The valuation peaked in January 2021, with the most expensive five SaaS companies reaching a median EV/Sales multiple of nearly 70x! We think it is worth remembering the quote from Scott McNealy, the CEO of Sun Microsystems, one of the darlings of the dotcom bubble. At its peak Sun reached a price to sales multiple of 10x. A couple of years later, after the share price had fallen from $64 to $5, McNealy questioned “what were you thinking” paying this sort of multiple.
Explosive price changes
The chart below shows an index of non-profitable technology companies which has sky-rocketed over the last year.
Goldman Sachs Non-Profitable Technology Index
The constituents of this index do matter. It is quite possible that there will be a winner or two in this group and that the price movements are justified. But there will also be losers – and the downside risk is therefore enormous.
It is probably an understatement to say that Amazon has done extremely well over the last 20 years. But, if you had made your original purchase in the late 1990s, you would have endured a 95% fall in 2000/2001 and then a 65% fall in 2008. It is rarely a smooth and easy ride.
The chart below shows the IPO deal count for Special Purpose Acquisition Companies (or SPACs) over the last two decades. SPACs are publicly listed shell companies that are set up with the intention to merge with a private target company, enabling it to trade publicly.
Over the past two years, SPAC formation has accelerated sharply. In 2020, 248 SPACs came to market – already significantly up on prior years. And in just the first 2 months of 2021, we have seen an amazing 175 launches. The pace of issuance has increased dramatically, and we are seeing larger issuances and larger targets.
SPAC IPO Deal Count
It is also worth highlighting that the terms surrounding these vehicles tend to favour the promoters and earlier movers; those joining at a later stage tend to fare less well. Investors in this area should beware the “bezzle”, the term given by John Kenneth Galbraith to describe the period in which an embezzler has stolen money and the victim does not yet realise it!
Speculative investor behaviour
GameStop has become a posterchild for this phenomenon: massive price movements in very short periods without much reference to fundamentals.
GameStop Share Price
Source: Bloomberg, OP
Parts of the market appear to be exhibiting some of the warning signs associated with bubbles, with common themes emerging. Mark Twain said, “history does not repeat itself, but it does rhyme.” However, in the context of bubbles, one theme does seem to repeat: human emotions.
Such emotions can manifest themselves in different ways. But it ultimately boils down to twin human emotions of Greed and Fear – or, in more modern parlance, the fear of missing out, or FOMO. Greed and Fear are powerful forces that drive markets. Despite more knowledge, humans have not changed when it comes to managing these emotions. Ultimately, the Fear of Missing Out takes over from the Fear of Losing Money.
Bubbles and Value Management
How can the management of assets using a value mindset help when it comes to bubbles? A value manager, unsurprisingly, has a keen eye on the valuation of an investment – eschewing areas of extreme valuation and focusing on areas where valuations are attractive.

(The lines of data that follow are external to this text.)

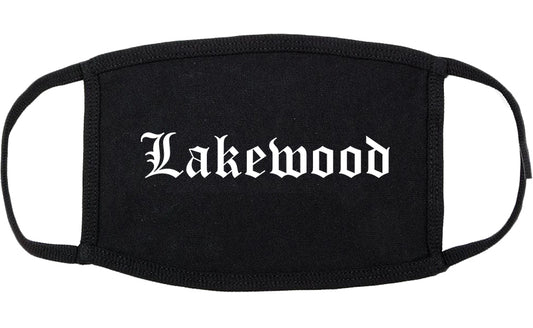Lakewood California CA Old English Cotton Face Mask Black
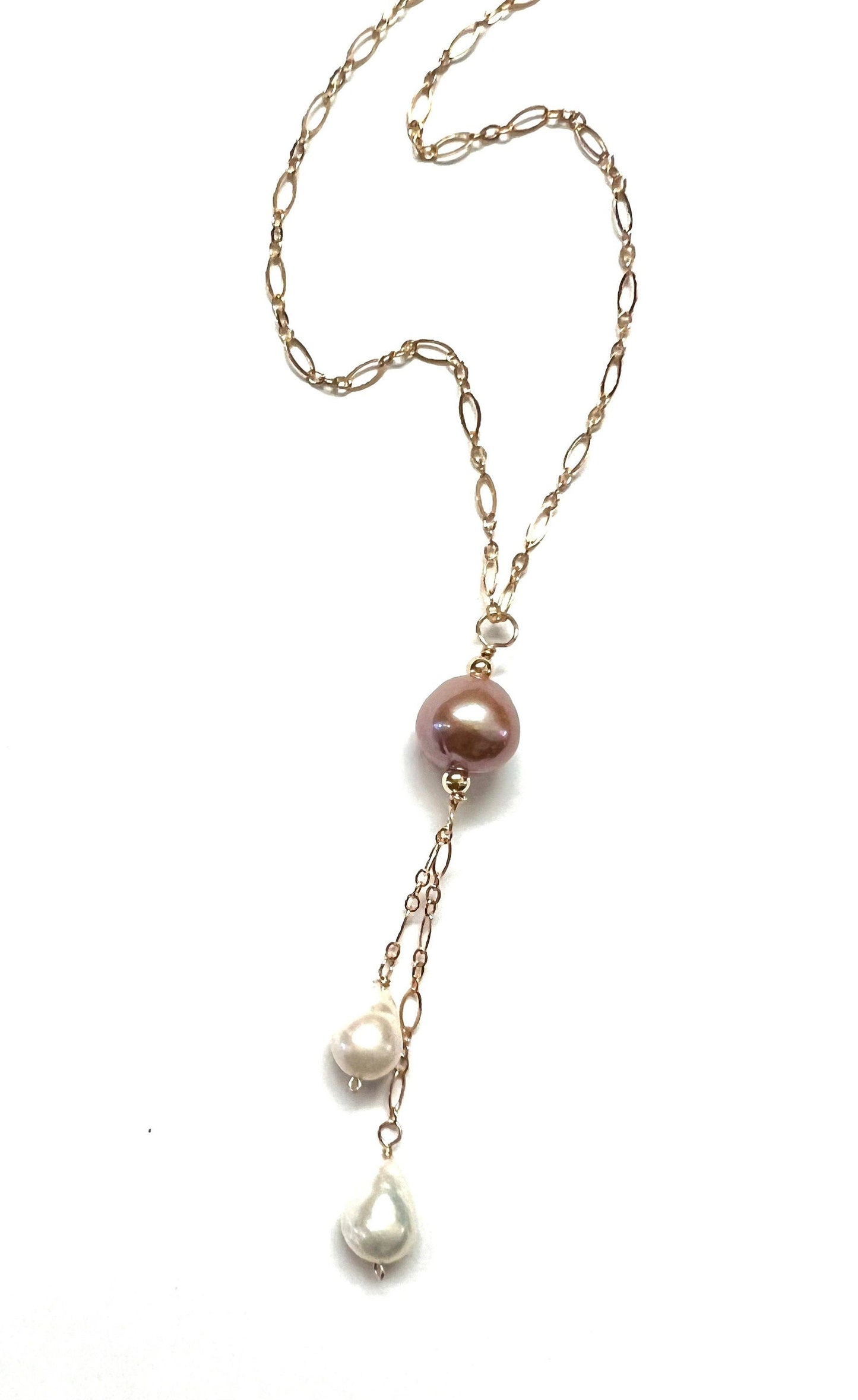 Edison and Baroque pearl lariat necklace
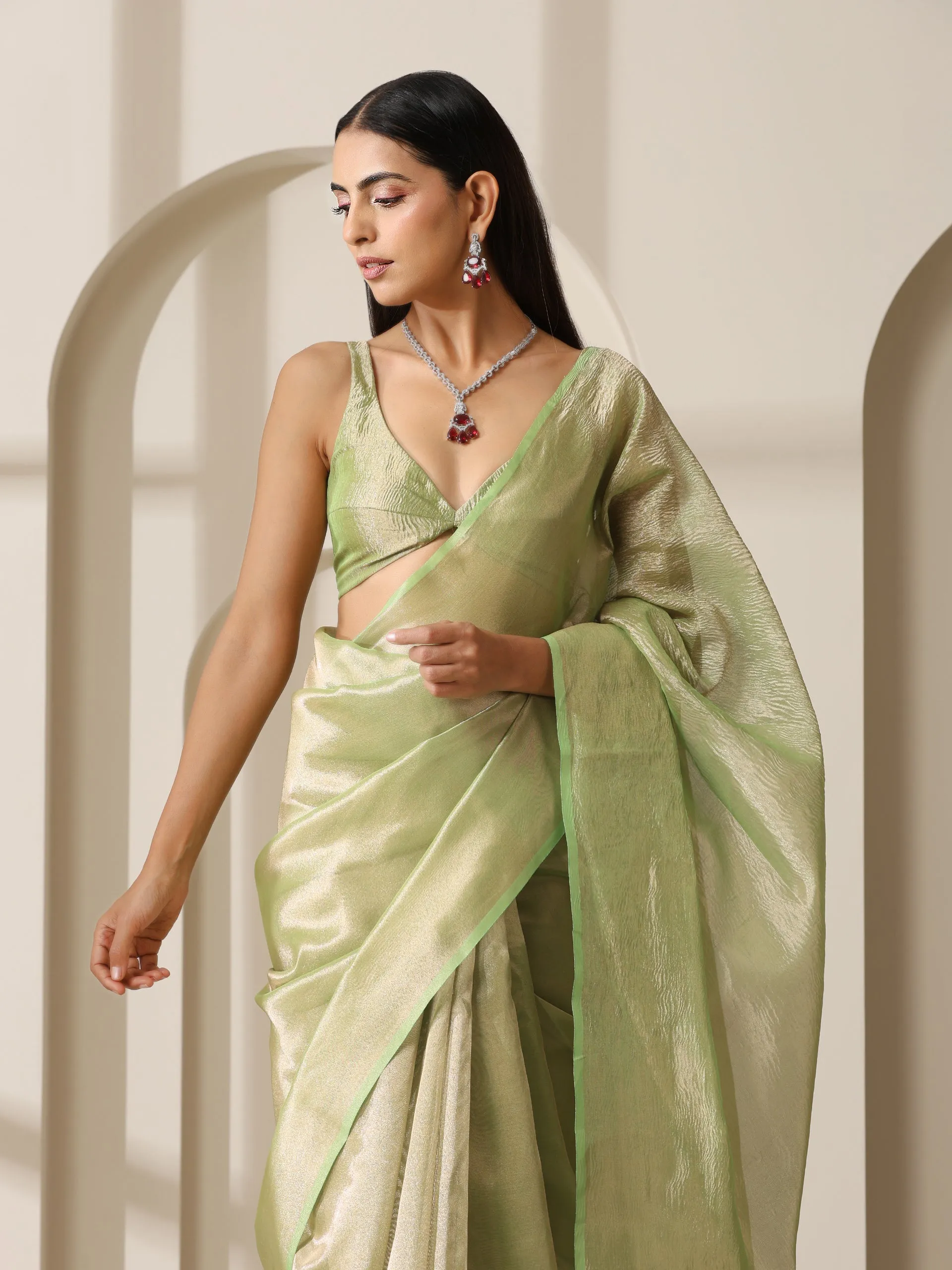 Lemon Green Banarasi Tissue Saree with Blouse Fabric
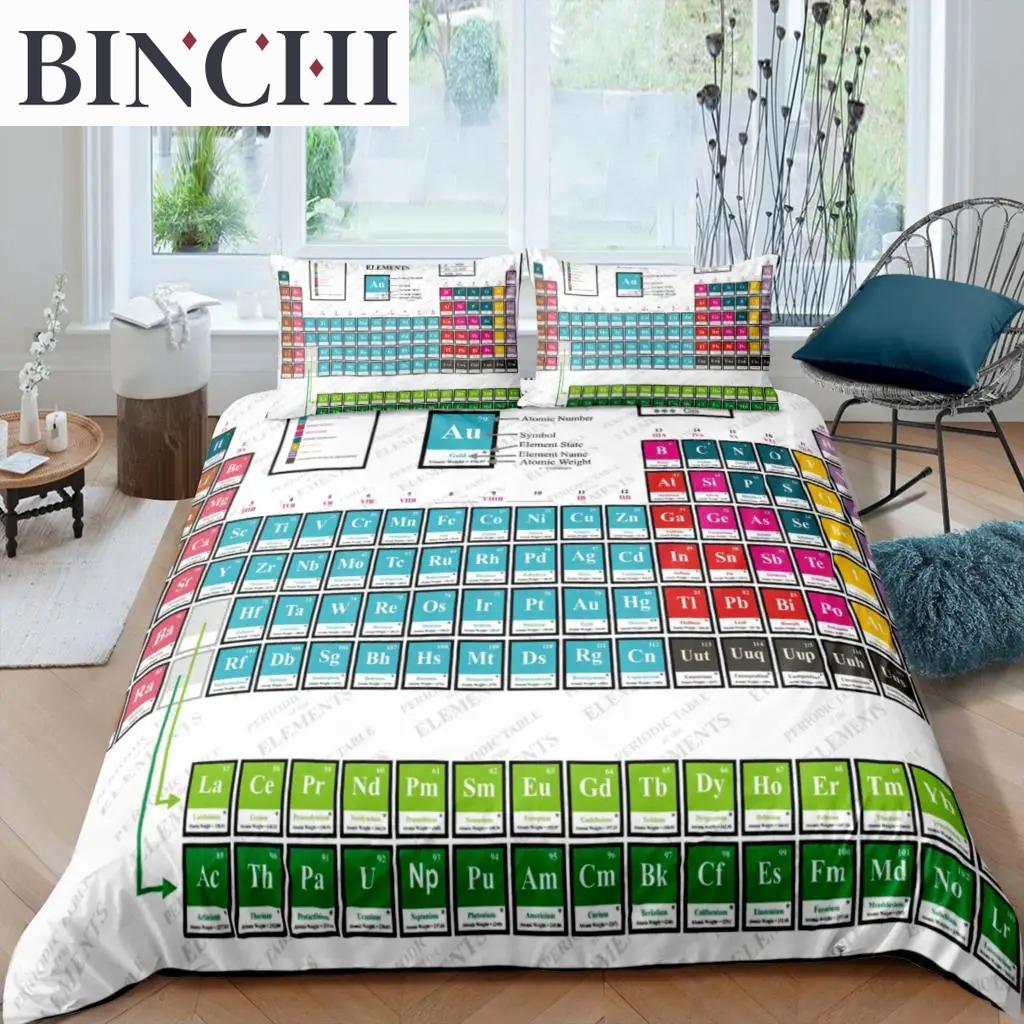 Luxury 3D Periodic Table Duvet Cover Set Queen King Size Comfortable Bedding EU US AU UK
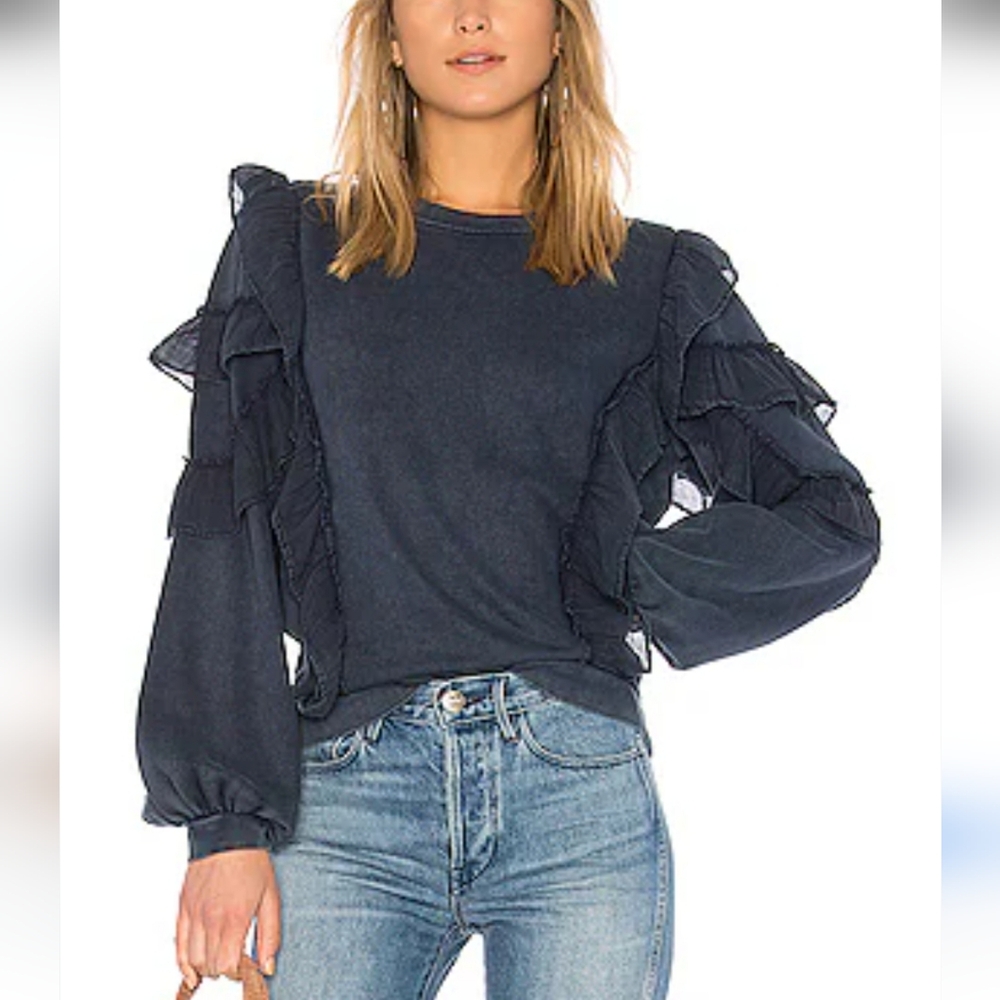 Tularosa Cat Ruffle Sweater Navy Chambray Long Sleeve
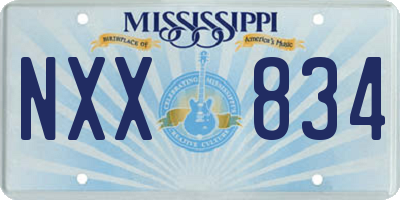 MS license plate NXX834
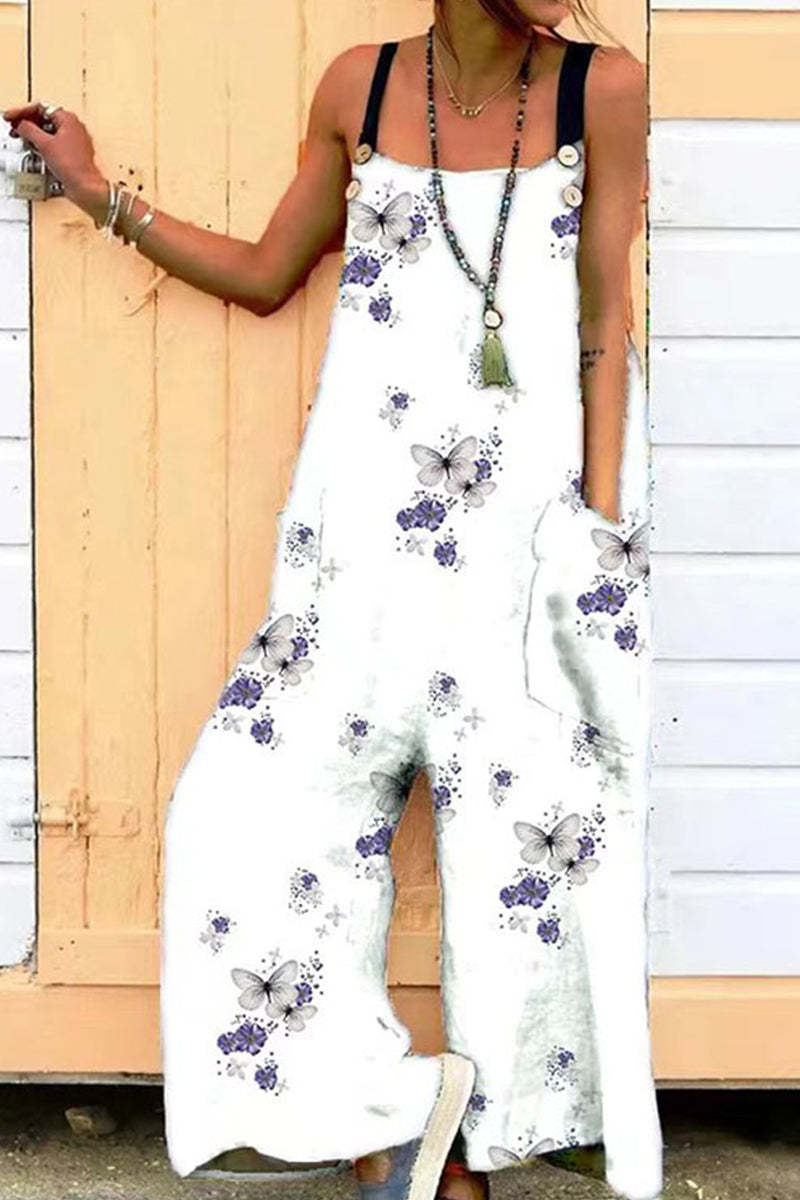 Casual Solid Patchwork Spaghetti Strap Straight Jumpsuits(3 colors)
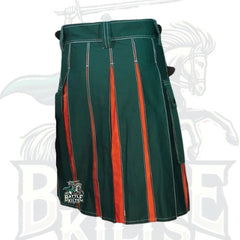Modern Green and Orange Hybrid Kilt with White Outer Thread – Premium Scottish-Inspired Hybrid Wear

And what do those sorts of areas look like? They are typically parts of the markets that are ignored, unloved and out-of-favour. One might even describe this as looking at anti-bubbles.
Investors tend to focus on the past and extrapolate into the future. However, the future is clearly unknown and should be considered in the context of a range of outcomes. There is no certainty. But it is sometimes more comfortable to be part of the crowd. A value manager often takes a contrarian stance – but that helps avoiding getting caught up in “the madness of people”.